Transcranial Magnetic StimulationThis news may point out new insights about functioning of our brain during anesthesia. A new study from the University of Wisconsin School of Medicine and Public Health led by expert brain researcher Fabio Ferrarelli, claims that the brains of individuals under anesthesia appear to react to stimuli as they behave in the deepest part of sleep. This appears to lend credence to a budding hypothesis of consciousness and proposing a new technique to evaluate loss of consciousness in conditions like coma.

The group gave the anesthetic midazolam, usually applied at lower doses in ‘conscious sedation’ processes like colonoscopies to participants. Then they utilized transcranial magnetic stimulation (TMS), a noninvasive method to fuel the brain cortical neurons from the scalp, in amalgamation with electroencephalography (EEG), which documented the TMS-evoked brain reactions. What they discovered seems to be a pattern that appears much as it does when the brain is in deep, non-rapid eye movement (non-REM) sleep, a different condition when consciousness fades.

Co-author and consciousness expert Giulio Tononi, MD, PhD, believes that when the brain may be out cold it is said to lose the connectivity that appears to trigger the synchronized, yet discriminated reactions to electrical stimuli viewed when the brain is awake or in REM sleep. The group’s former studies apparently illustrated the dissimilarities between the sleeping and awake brain.

Tononi, professor of psychiatry, commented, “Based on a theory about how consciousness is generated, we expect to see a response that is both integrated and differentiated when the brain is conscious. When there is a loss of consciousness, either due to sleep or anesthesia, the response is radically different. We see a stereotyped burst of activity that remains localized and fades quickly.”

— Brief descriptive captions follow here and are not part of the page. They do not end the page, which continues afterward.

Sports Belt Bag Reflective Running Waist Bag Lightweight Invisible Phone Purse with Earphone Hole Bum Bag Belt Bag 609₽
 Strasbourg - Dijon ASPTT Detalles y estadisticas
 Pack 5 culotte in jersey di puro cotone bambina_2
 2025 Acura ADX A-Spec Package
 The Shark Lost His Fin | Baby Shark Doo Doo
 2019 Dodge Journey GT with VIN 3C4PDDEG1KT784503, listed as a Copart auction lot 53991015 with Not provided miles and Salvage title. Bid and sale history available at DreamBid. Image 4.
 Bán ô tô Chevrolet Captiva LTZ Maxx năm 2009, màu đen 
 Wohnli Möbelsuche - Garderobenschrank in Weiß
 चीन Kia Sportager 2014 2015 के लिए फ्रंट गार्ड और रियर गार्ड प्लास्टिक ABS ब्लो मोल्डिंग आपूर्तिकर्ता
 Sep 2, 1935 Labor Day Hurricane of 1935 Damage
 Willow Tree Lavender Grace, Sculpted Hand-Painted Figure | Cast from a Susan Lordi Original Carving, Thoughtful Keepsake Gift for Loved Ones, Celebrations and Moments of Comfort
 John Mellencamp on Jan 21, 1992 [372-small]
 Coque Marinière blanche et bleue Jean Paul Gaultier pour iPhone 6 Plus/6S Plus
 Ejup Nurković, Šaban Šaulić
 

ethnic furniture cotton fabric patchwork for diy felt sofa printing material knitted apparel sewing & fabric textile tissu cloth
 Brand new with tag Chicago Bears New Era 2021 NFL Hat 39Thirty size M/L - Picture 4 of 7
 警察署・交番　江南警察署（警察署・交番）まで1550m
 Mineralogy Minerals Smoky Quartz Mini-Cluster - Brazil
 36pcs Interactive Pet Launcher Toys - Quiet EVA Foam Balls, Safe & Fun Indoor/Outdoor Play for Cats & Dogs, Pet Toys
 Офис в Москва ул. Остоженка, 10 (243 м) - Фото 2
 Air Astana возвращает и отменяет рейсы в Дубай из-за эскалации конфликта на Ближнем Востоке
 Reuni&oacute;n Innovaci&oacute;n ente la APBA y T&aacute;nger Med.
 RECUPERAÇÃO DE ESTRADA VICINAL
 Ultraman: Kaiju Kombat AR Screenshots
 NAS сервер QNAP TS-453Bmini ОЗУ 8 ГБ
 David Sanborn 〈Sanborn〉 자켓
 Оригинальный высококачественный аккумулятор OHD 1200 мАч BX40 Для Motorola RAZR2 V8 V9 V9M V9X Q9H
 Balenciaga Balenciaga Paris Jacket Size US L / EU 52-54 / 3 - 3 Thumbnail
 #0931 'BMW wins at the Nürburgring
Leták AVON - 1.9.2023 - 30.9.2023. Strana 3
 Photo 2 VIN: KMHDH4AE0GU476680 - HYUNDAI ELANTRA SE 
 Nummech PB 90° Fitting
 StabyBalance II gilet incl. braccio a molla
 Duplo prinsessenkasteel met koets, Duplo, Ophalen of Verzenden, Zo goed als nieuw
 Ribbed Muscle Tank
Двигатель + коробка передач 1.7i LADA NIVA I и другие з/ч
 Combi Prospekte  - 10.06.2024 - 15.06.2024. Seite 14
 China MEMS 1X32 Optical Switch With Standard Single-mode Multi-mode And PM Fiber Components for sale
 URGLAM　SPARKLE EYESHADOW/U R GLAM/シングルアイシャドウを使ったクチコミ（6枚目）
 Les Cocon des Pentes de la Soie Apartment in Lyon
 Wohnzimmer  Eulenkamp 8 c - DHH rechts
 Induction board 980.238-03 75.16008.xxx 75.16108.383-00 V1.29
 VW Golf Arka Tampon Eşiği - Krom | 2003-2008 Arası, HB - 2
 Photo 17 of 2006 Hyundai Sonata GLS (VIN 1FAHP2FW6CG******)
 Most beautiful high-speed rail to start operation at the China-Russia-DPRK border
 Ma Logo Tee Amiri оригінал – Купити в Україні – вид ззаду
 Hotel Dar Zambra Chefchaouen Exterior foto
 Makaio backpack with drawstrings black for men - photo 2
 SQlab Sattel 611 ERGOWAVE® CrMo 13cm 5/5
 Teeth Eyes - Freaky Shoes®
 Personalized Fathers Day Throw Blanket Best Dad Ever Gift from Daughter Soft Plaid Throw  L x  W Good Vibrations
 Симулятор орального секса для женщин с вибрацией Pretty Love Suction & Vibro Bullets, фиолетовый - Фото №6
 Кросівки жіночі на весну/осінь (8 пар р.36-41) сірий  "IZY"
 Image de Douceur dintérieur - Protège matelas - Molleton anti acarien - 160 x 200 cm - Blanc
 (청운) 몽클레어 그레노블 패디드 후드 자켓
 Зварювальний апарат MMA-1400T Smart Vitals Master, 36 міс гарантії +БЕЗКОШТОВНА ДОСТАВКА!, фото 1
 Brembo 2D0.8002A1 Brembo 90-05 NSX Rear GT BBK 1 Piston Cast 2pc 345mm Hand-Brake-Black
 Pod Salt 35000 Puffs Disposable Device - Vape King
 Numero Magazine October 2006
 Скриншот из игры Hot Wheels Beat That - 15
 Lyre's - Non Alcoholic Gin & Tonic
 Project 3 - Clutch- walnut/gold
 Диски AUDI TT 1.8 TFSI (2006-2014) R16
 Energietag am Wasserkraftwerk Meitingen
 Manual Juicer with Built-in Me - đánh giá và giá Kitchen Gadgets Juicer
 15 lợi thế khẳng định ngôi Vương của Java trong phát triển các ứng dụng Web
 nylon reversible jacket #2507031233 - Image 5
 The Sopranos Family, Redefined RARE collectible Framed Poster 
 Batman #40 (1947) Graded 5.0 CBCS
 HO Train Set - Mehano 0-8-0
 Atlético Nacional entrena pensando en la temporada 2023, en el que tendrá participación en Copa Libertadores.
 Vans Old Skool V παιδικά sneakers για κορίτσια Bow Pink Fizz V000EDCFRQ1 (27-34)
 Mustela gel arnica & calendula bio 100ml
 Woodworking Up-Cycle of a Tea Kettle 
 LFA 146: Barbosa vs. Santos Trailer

The team is of the opinion that the reaction patterns noted in the awake brain, typified by ongoing activations moving over time to diverse cortical areas, appear to mirror the connectivity of the cortical regions generated by TMS. This may be because when we are awake, the cortex could be implicated in several activities which seem to need a steady communication between diverse cortical regions. But in the unconscious brain, this connectivity may be momentarily lost, and consequently the TMS-evoked brain responses apparently stay localized.

Co-author Robert Pearce, MD, PhD, chair and professor of anesthesiology at the UW School of Medicine and Public Health mentioned that is may be remarkable that the cortical reactions under anesthesia could be comparable to alterations observed during natural sleep.

Pearce remarked, “The idea that some anesthetics ‘hijack’ the natural sleep-promoting centers was proposed recently by others. While our present findings do not directly confirm this hypothesis, they are consistent with a set of shared mechanisms. That is, that the loss of functional connectivity between brain regions is a characteristic that sleep and anesthesia share, and that we think might be causal in the loss of consciousness in both cases.”

Tononi is of the opinion that a related examination of cortical connectivity may be applied to supply a non-invasive means to check an unresponsive patient for consciousness during anesthesia or in medical conditions like coma. Present tests apparently depend partially on clinical observations, and could be modified by drugs or medical conditions that seem to render an otherwise conscious patient to not respond.

The study was published in the Proceedings of the National Academy of Science.